◆ What to work on
Please produce an exact transcription of the lines from the one containing "Minecraft Pocket Edition" through the last line of the entries, leaving out every picture.

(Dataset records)
#####

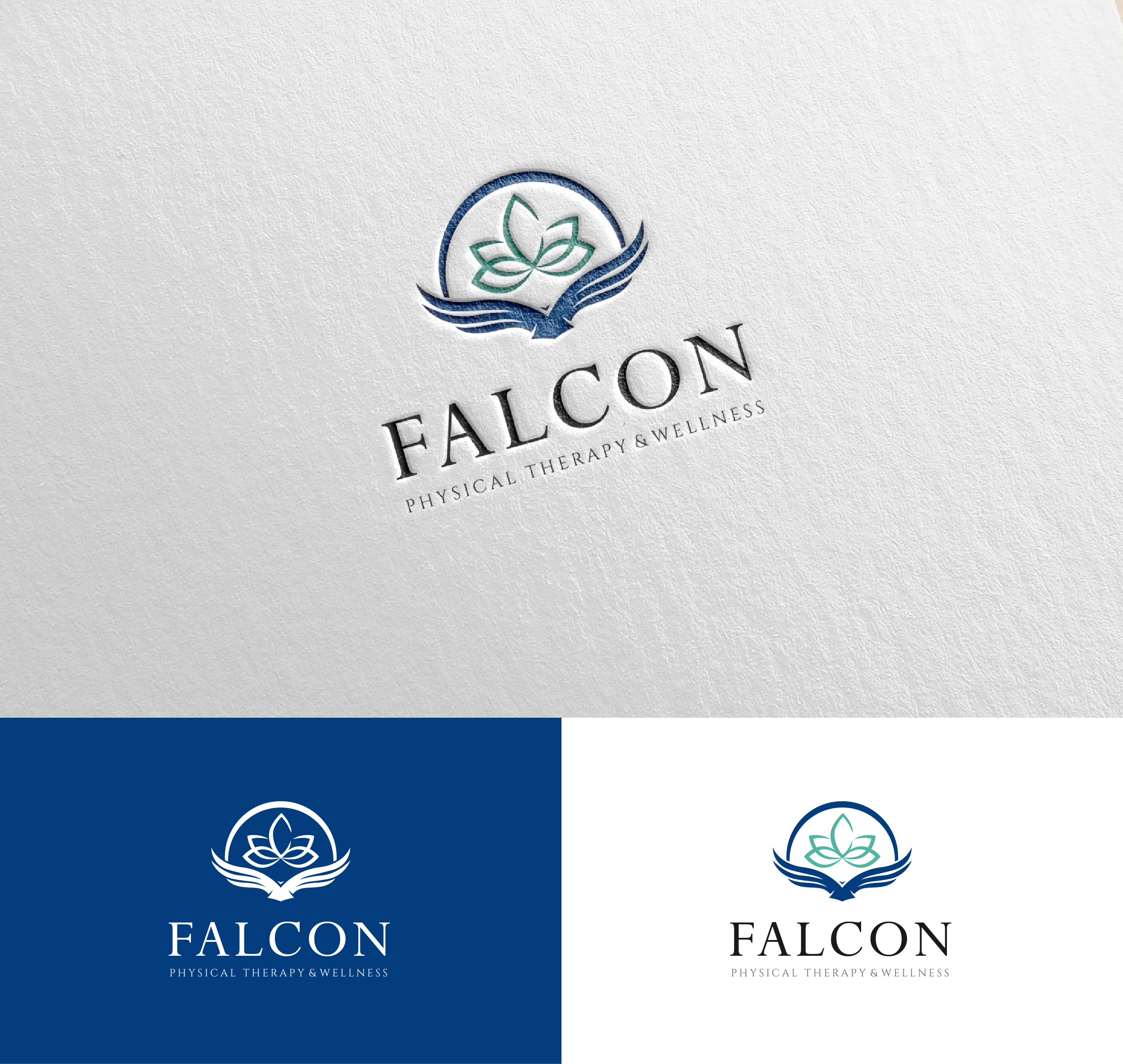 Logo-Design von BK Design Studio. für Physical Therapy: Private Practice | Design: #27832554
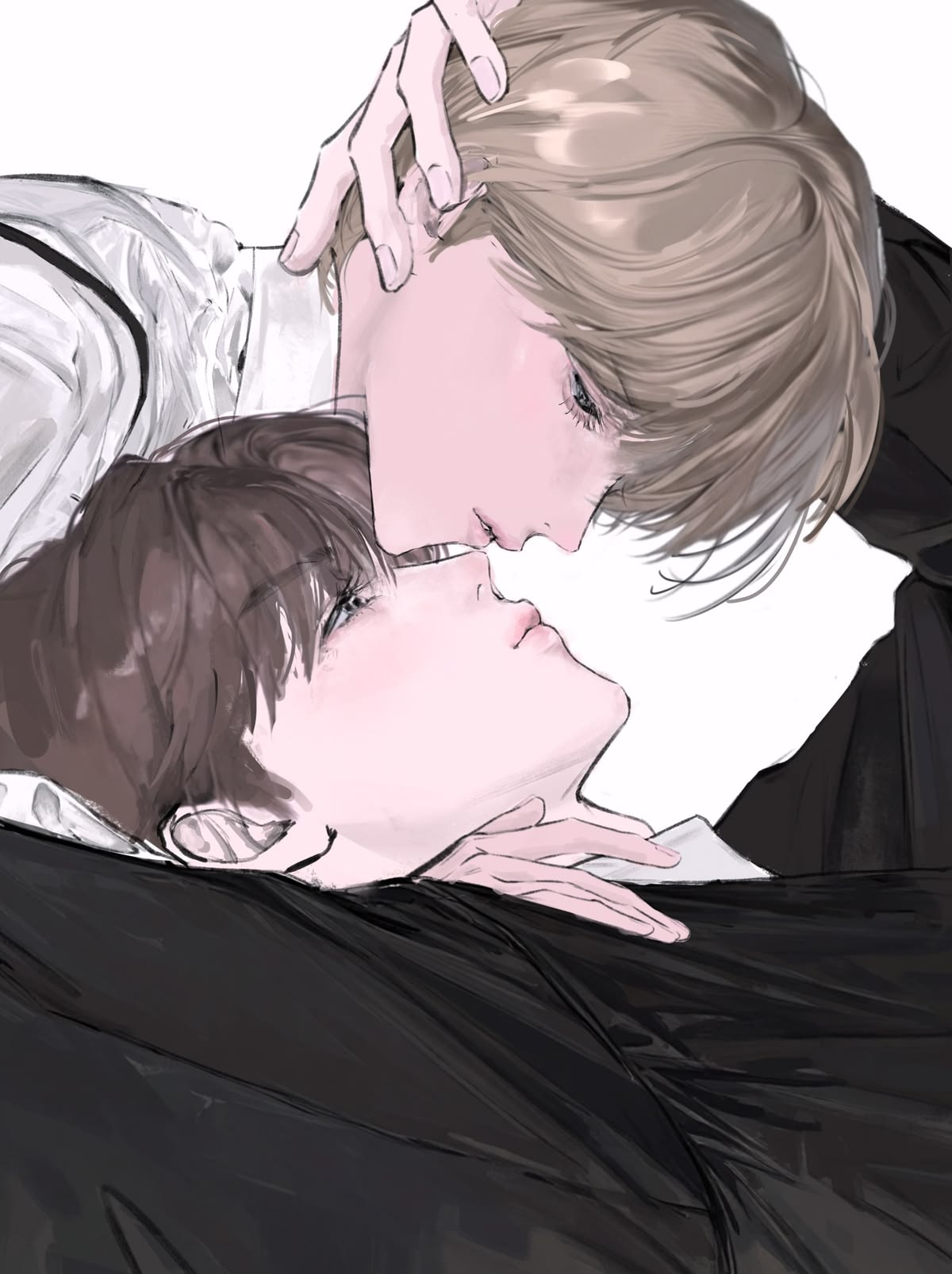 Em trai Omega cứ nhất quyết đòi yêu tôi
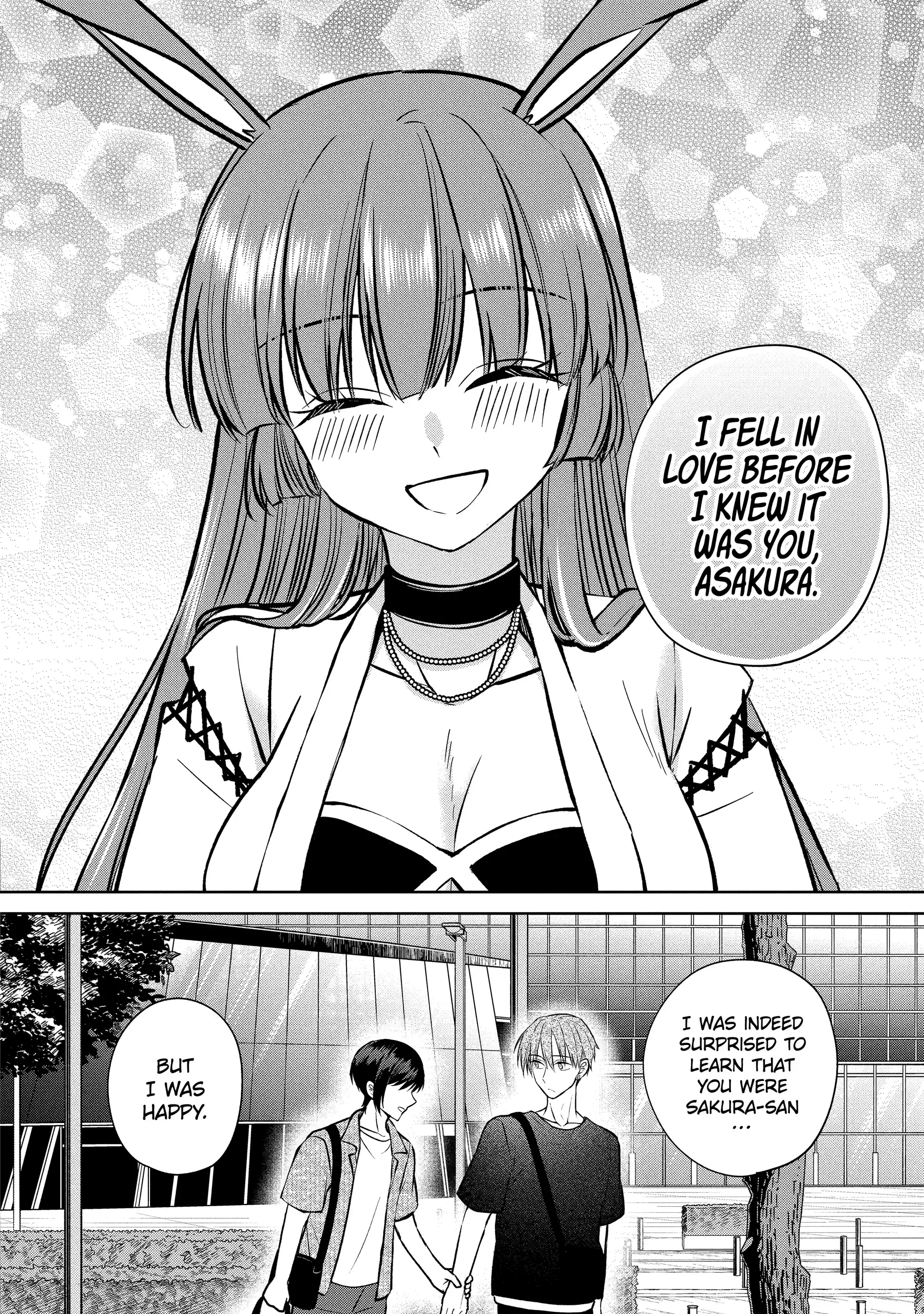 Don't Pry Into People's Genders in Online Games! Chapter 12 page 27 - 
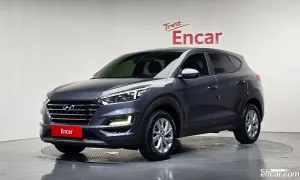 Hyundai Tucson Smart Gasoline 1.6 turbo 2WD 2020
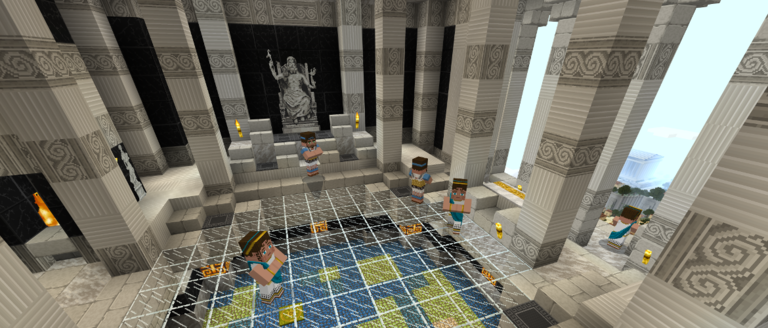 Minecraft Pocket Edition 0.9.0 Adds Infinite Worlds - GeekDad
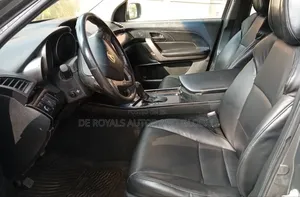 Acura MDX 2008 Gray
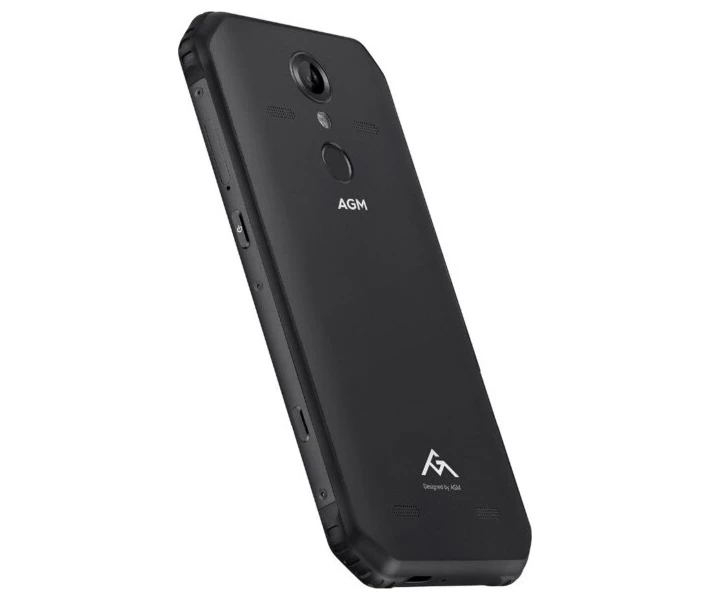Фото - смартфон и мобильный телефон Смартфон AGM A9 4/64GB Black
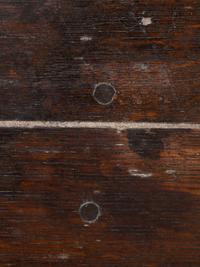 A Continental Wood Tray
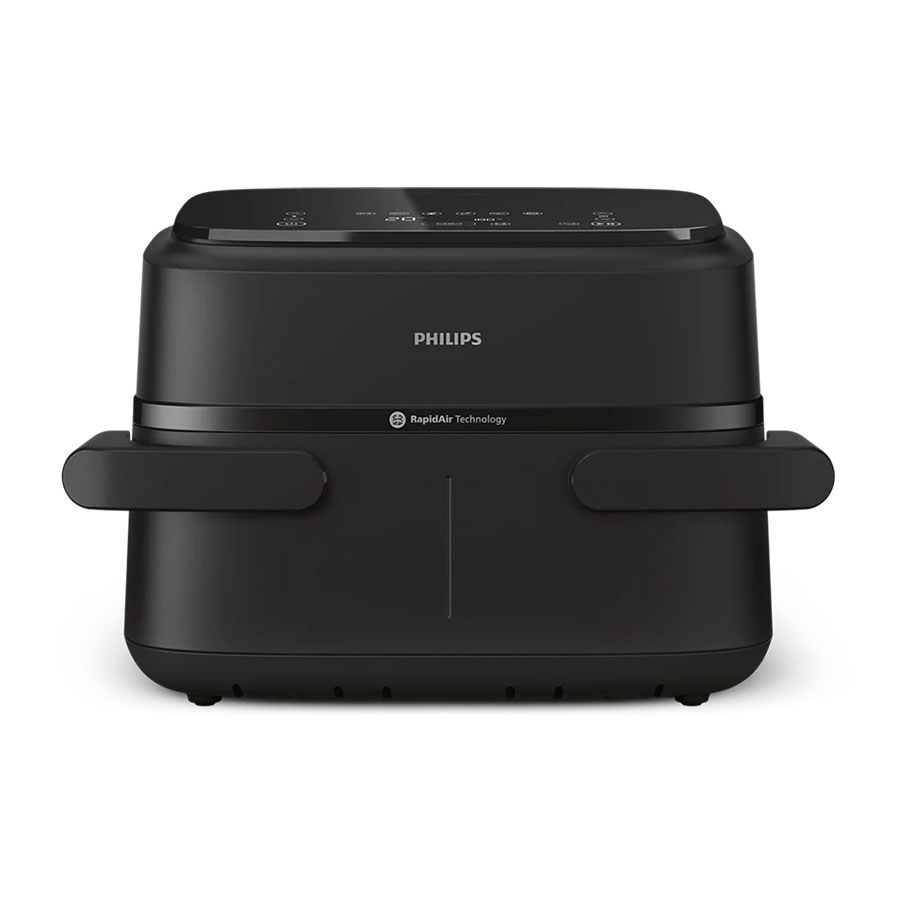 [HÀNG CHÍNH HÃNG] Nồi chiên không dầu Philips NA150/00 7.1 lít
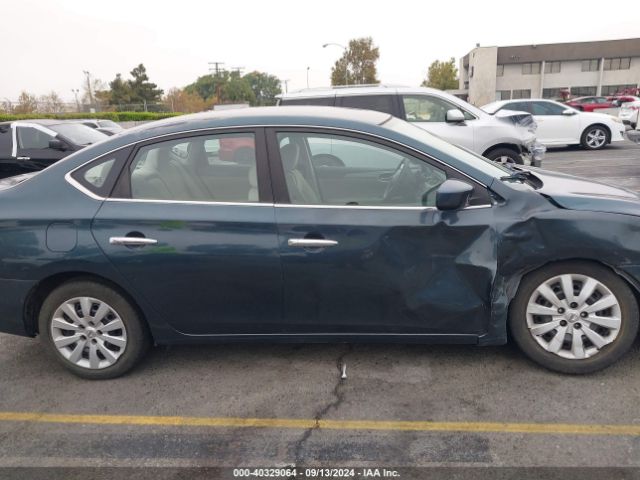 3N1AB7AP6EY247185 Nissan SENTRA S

#####

◆ Answer section
 Minecraft Pocket Edition 0.9.0 Adds Infinite Worlds - GeekDad
 Acura MDX 2008 Gray
Фото - смартфон и мобильный телефон Смартфон AGM A9 4/64GB Black
 A Continental Wood Tray
 [HÀNG CHÍNH HÃNG] Nồi chiên không dầu Philips NA150/00 7.1 lít
 3N1AB7AP6EY247185 Nissan SENTRA S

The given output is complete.